Ignorance of the law is no excuse, right?

If it is wrong, it is wrong regardless of the why (be it on purpose or lack of knowledge) and you can get in trouble. The difference between fraud and abuse is intent. My personal opinion is based on this policy, there is intent there so it is past the abuse stage. They have researched the issue and made a decision to bill Medicare for services that are not covered in a way that will get Medicare to pay for them.

How much trouble, if any, a coder would be in for this type of situation I really don't know.

Rebecca,

I guess we will have to agree to disagree on the carve out! If there is enough documentation to support a problem visit in addition to a well care I don't see how you would carve that out since that service is in addition to the well care, not part of it.

Laura, CPC, CEMC
 
Rebecca,

I do not understand Medicares logic on this one at all. My stance on the carve out is based on the fact if you reduce the preventive visit charges and bill a problem visit you are in essence billing Medicare for a non-covered service in a way to get paid.

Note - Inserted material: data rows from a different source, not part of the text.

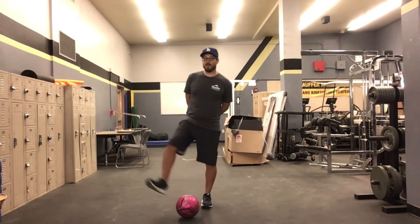Remember, the first main rule in soccer is unless you're the goalie, you cannot use your hands. We're not practicing being a goalie today, so that means you cannot use your hands — you can only use your feet.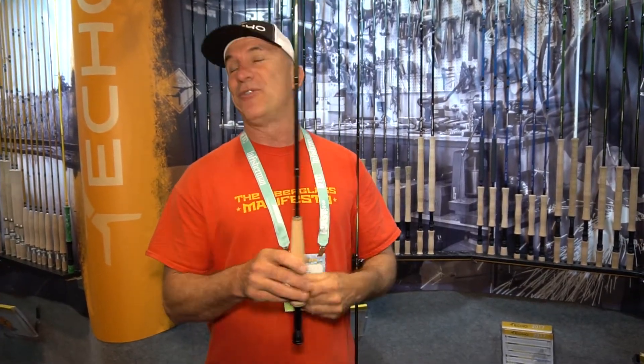Hi, I'm Tim Rajaf, owner and designer of Echo Fly Rods. We have seven new families of fly rods this year — too many to go through today, but a couple of models I thought you might be interested in that are a little unusual and really popular. We brought back the Echo Trip series.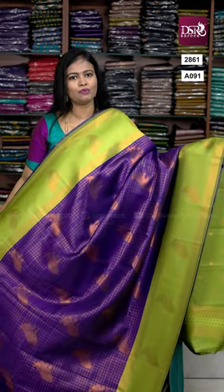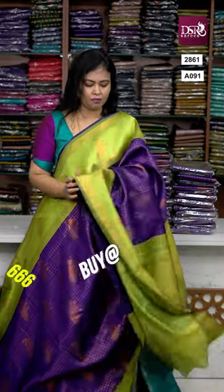We have 30 pieces ready to dispatch. The open view shows our mega hit color combination: Royal Blue with Parrot Green, Pallu and Thousand Putta Blouse with border to the sleeves. Roomba roomba stunning color combination. Don't miss it.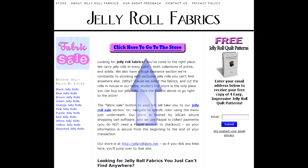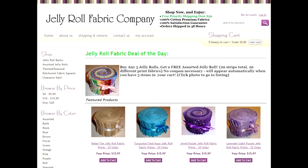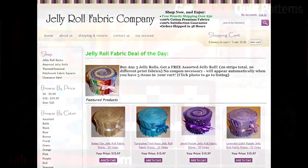Once you're done, click on the store button above and browse around the Jelly Roll store to see some of their wonderful and exciting prints and colors. That's JellyRollFabrics.com.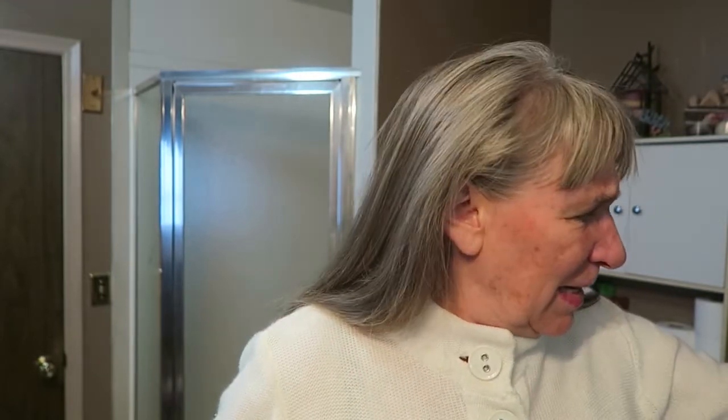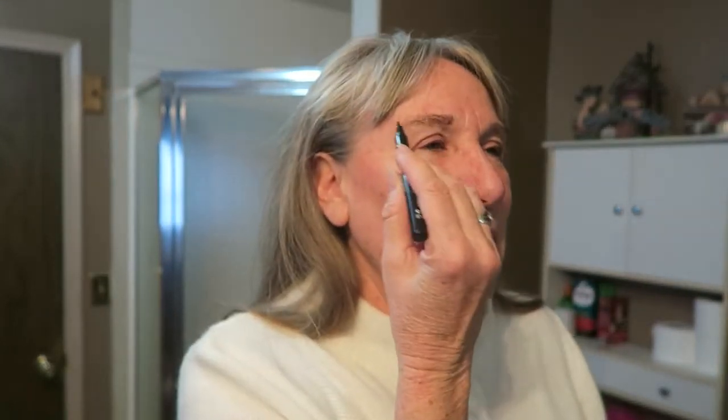I like waterproof mascara because I always cry a lot — I guess that's old age. I just have an eyeliner. If I can get my eyes lined and my eyebrows done, then I'm good to go. I highlight my eyebrows with whatever hairs I've got there — define them on both sides. I have an old toothbrush I use to straighten them out a little.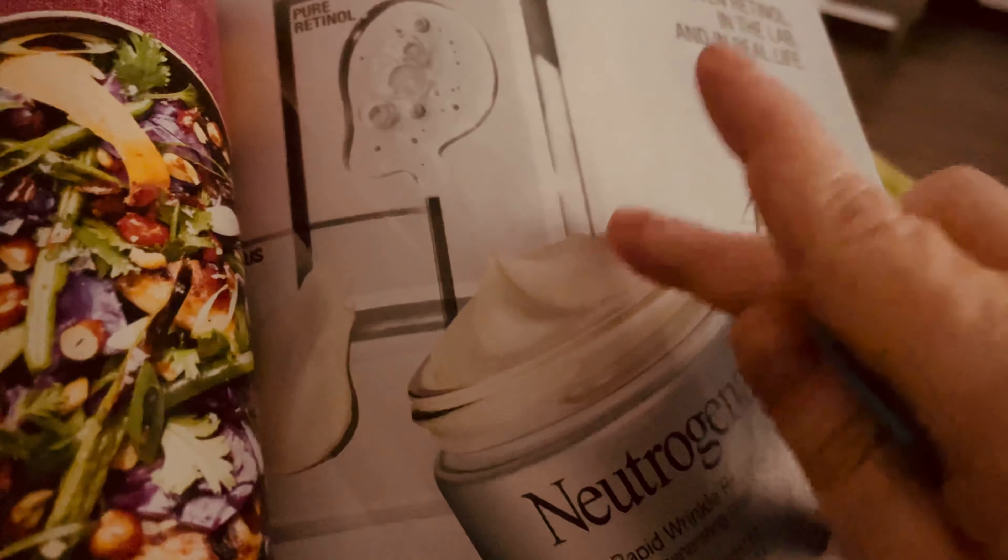Marinated mozzarella and Peppadew peppers — I like to say that word, Peppadew! So we've got rosemary, sizzled salami, dates and pecans. We've got Old Bay chips with lemon mayo. We've got firecrackers. I need the mozzarella and the Peppadew peppers.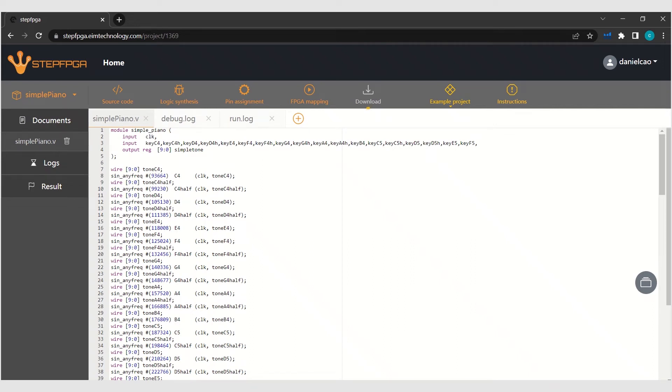Let me show you another interesting example with what we can do with this STEP FPGA board. This is a module called 'simple piano', an example you can find in our tutorial book, chapter 5. Basically, we are trying to generate a DDS signal that simulates the sound of an electronic piano. The detailed explanations and coding are in the tutorial book, so I'm not going to explain it here.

If the same services were provided on 2 different days you would bill the full fees, if they are done together and you carve out you are hiding part of the non-covered service in the covered one.

I agree and understand financially it is better for the patient. I just don't see how it is any different than other non-covered services.

Just my opinion,

Laura, CPC, CEMC
 
I do understand your view, Laura, and this may be why some physicians are requesting the patients to reschedule their PE's and choose to address the "problem" that is present. I think Medicare developed this "carve out" rule so that the beneficiaries would not be subjected to unfair monetary liabilities. If a physician chooses to treat a "problem" at the same time as the wellness exam, it does make sense that some of the history, exam and MDM would be credited to the problem oriented visit...there is a portion of the visit that is not dedicated solely to the wellness exam. As a result, Medicare created a "window" of medical necessity for their liability. I don't necessarily agree with all of Medicare's rules, guidances, etc, but if it's in "black and white", I follow those guidelines. I don't want to compromise abuse. I know what's correct...I know what can be billed...therefore, we have to put it to paper. Senior citizens are being encouraged to report fraud/abuse. I just don't want to be on the receiving end of an audit

http://www.smpresource.org//AM/Template.cfm?Section=Home
 
Medicare wellness and modifer 25

So how do we manage the provider that wants to bill for the wellness and a new diagnosis with a separate E&M with a 25 modifier?